ROANOKE'S AROUND THE SEC- WKU WEEK

The previous three seasons Vanderbilt has opened its football campaign by losing a nationally televised Thursday night game. In two of those efforts the Commodores played impressively against talented opposition only to suffer heartbreaking, close losses. We went on to 9-4 records, bowl wins and national rankings in both of those seasons.

Last year we looked uninspired and unprepared in a turnover-plagued opening night debacle. Vandy stumbled from there to a 3-9 campaign with no SEC wins. This brief history reveals that how we play Thursday night is actually far more important than whether we win or lose. However, the opening night fiasco that inaugurated Coach Derek Mason’s Vandy tenure still casts a long shadow over this year’s opener against a very good Western Kentucky squad. On the bright side, there is absolutely no chance the Commodores will be taking anything for granted on Opening Night this time around.

The Hilltoppers boast a potent offense led by sixth-year senior QB Brandon Doughty, who may be the most talented signal-caller Vandy will face all season. Western Kentucky also returns its top running back, Leon Allen. While WKU’s passing game gets the majority of ink, Allen amassed over 1,500 years on the ground last year – running wild against Army and Marshall for 345 and 237 yards, respectively. WKU scored 34 or more points in every game last season but one, and seven starters from that offense return. WKU’s coach, Jeff Brohm, is a disciple of Bobby Petrino (and Howard Schnellenberger) and the former pro QB is coming off a bowl win in his first year as a college head coach.

As dominant as the Hilltoppers’ offense was last year, the defense was just that porous. In 2014 WKU gave up over 40 points in eight games – they still won four of them. WKU’s off-season focus was on defense and they return eight starters on that side of the ball. They also add star defensive tackle Jontavious Morris, a UAB transfer. Just the same, unless there is marked improvement, the Toppers’ defense offers Vandy’s offense a chance to spark right out of the gate.

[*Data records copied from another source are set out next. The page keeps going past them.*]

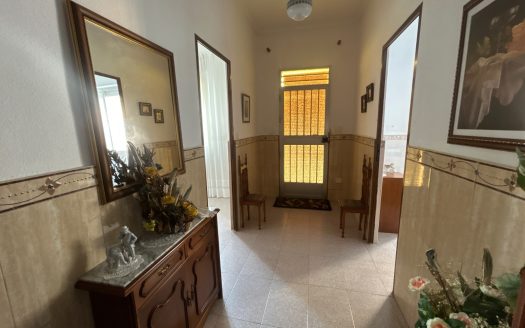 House for sale in Benejúzar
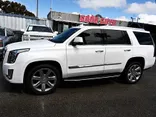 WHITE, 2017 CADILLAC ESCALADE Thumnail Image 4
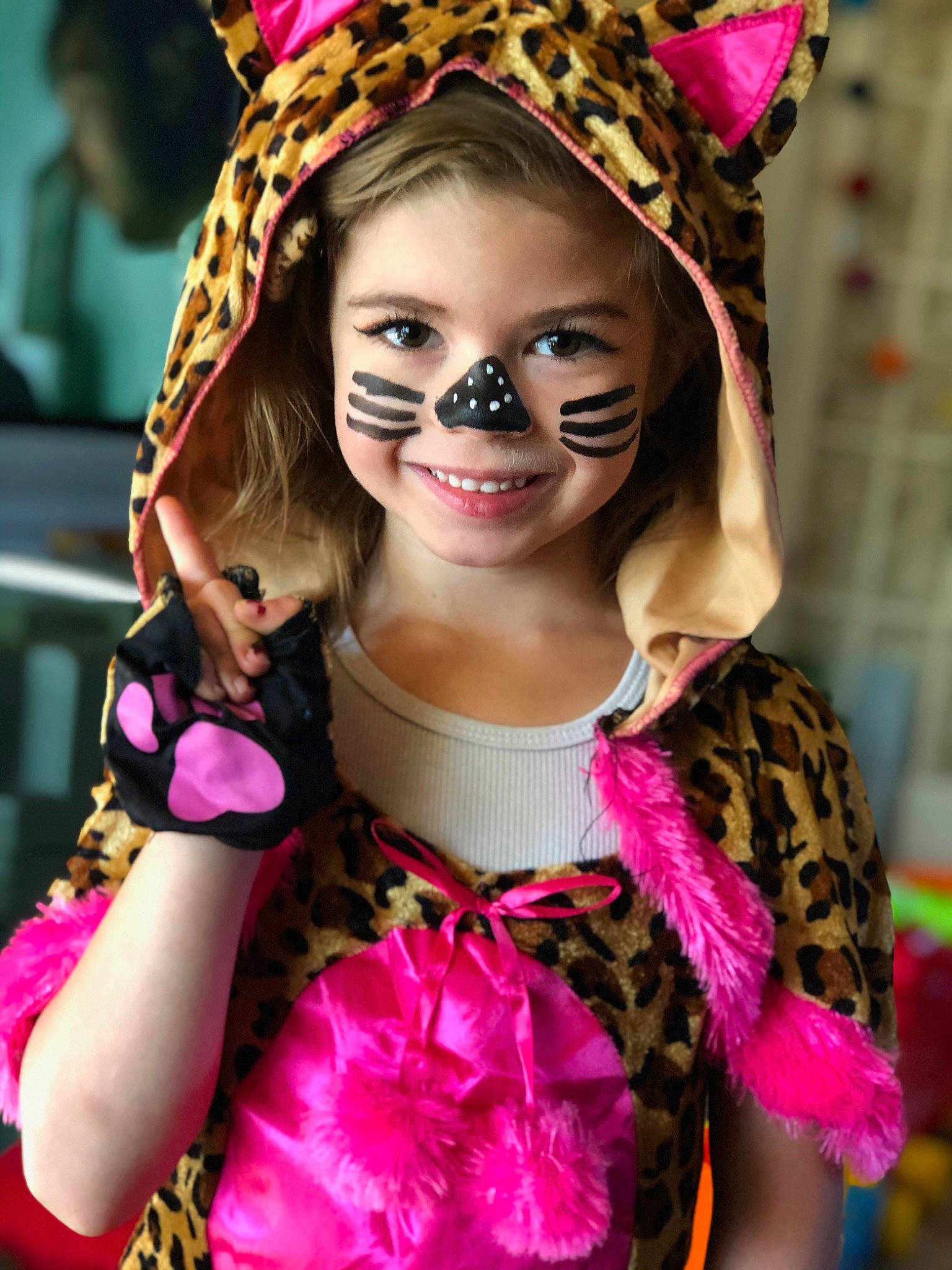 Bonnie is registered to the contest to win money with this photo: cool, eye, eyebrow, eyelash, eyewear, facial_expression, fashion, fashion_design, fawn, hairstyle, happy, headgear, joy, lip, lipstick, magenta, makeover, person, pink, skin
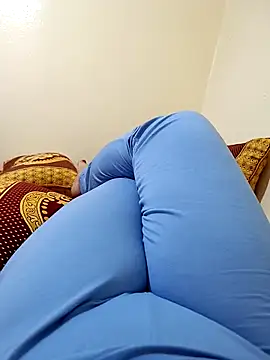 Charmota sexi online show from September 2025 09:42:02 AM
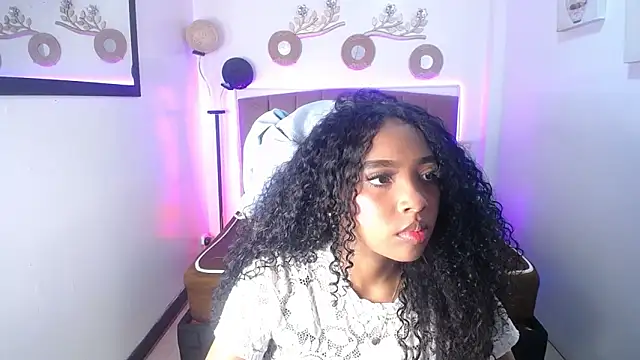 charlotte walker1 online show from 03.10.25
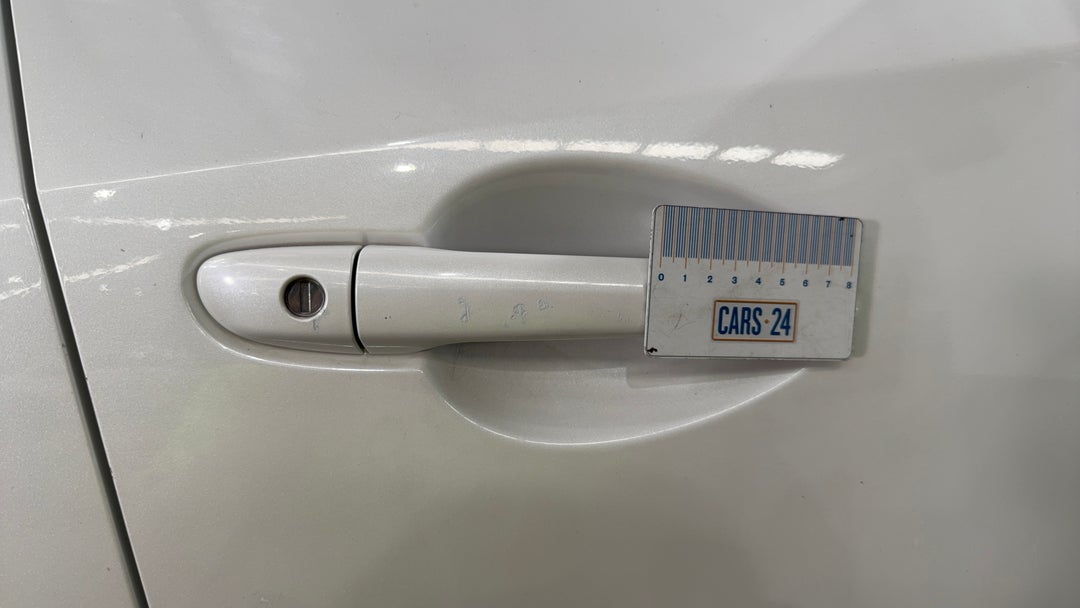 2017 Mazda CX-3 Maxx (FWD), Automatic, 72225 km, Door Handles Front RHS Chip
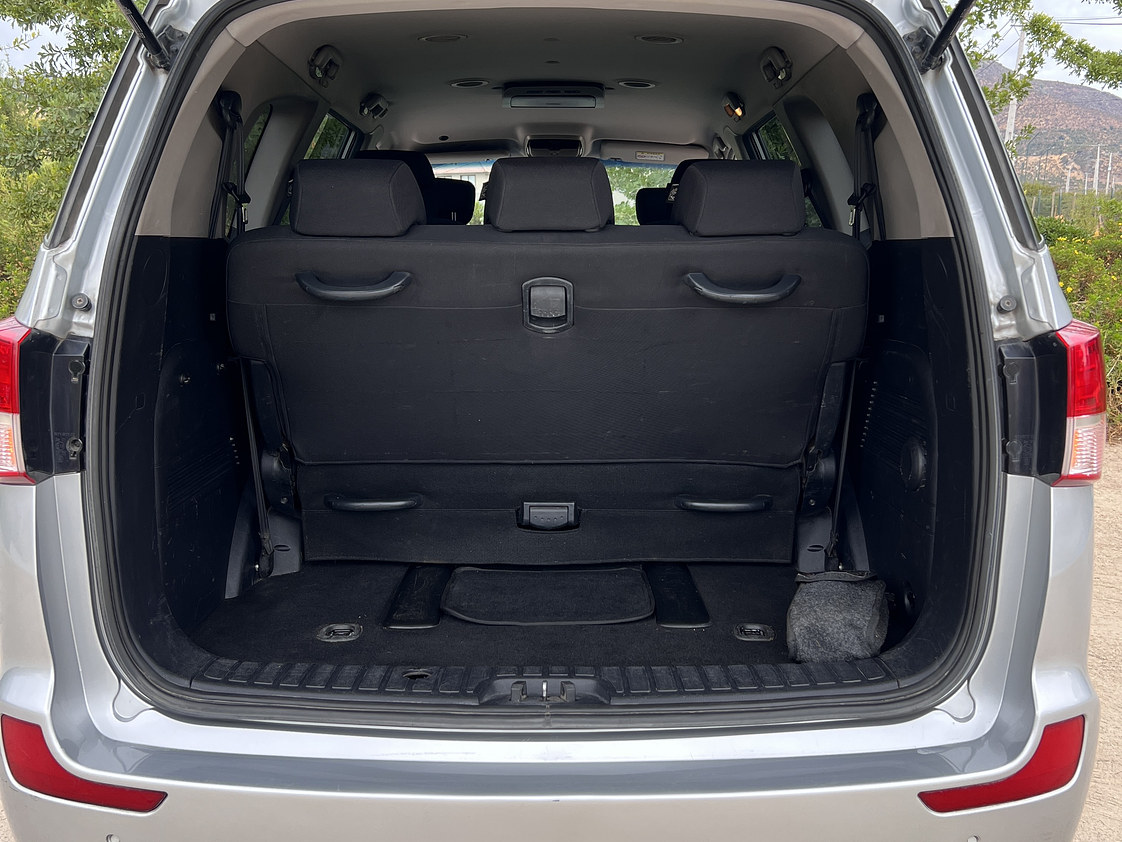 Ssangyong Stavic 2.2 Diesel / Año 2017 24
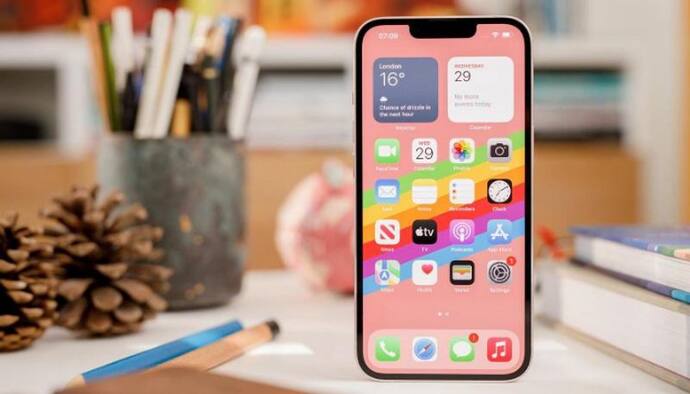 Apple यूजर के लिए बड़ी खबर! आने वाले इस iPhone में नहीं मिलेगा Sim Card स्लॉट, पढ़े पूरी खबर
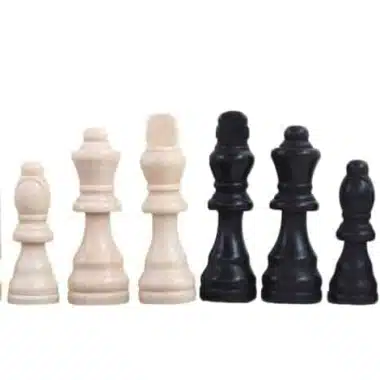 Schwarze und helle Staunton-Schachfiguren nebeneinander aufgereiht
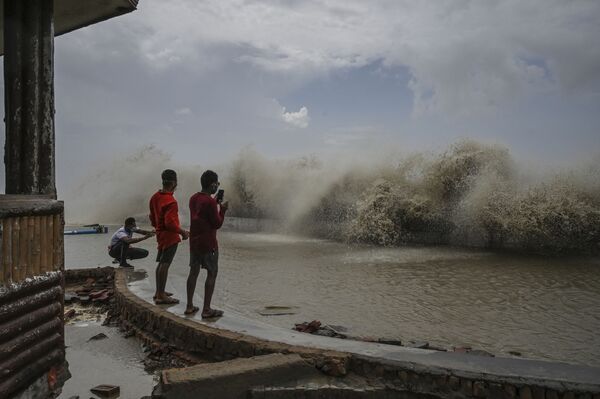 Residentes tiram fotos das ondas durante o ciclone Yaas que atingiu a costa leste da Índia, 27 de maio de 2021 - Sputnik Brasil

Two games against undersized out-of-conference opponents from last year shed light on Vandy’s chances against Western Kentucky. Against Charleston Southern we could have run all night – but our offensive braintrust wanted to pass. Only when we were clinging to a 21-20 lead deep in our own territory with five minutes left did sanity prevail. When we earnestly turned to the run, we successfully grinded out the clock for significant yardage. Against ODU – a team that beat WKU last year – our o-line protected Johnny McCrary admirably and he connected on five TD throws to five different receivers. What we learn here is that a good offensive coordinator must take what is given – and must use the players that he has to fit a scheme they can execute. This is Football 101 – but something we did not do in 2014. I am confident new OC Andy Ludwig will restore order and logic to Vanderbilt football on Opening Night.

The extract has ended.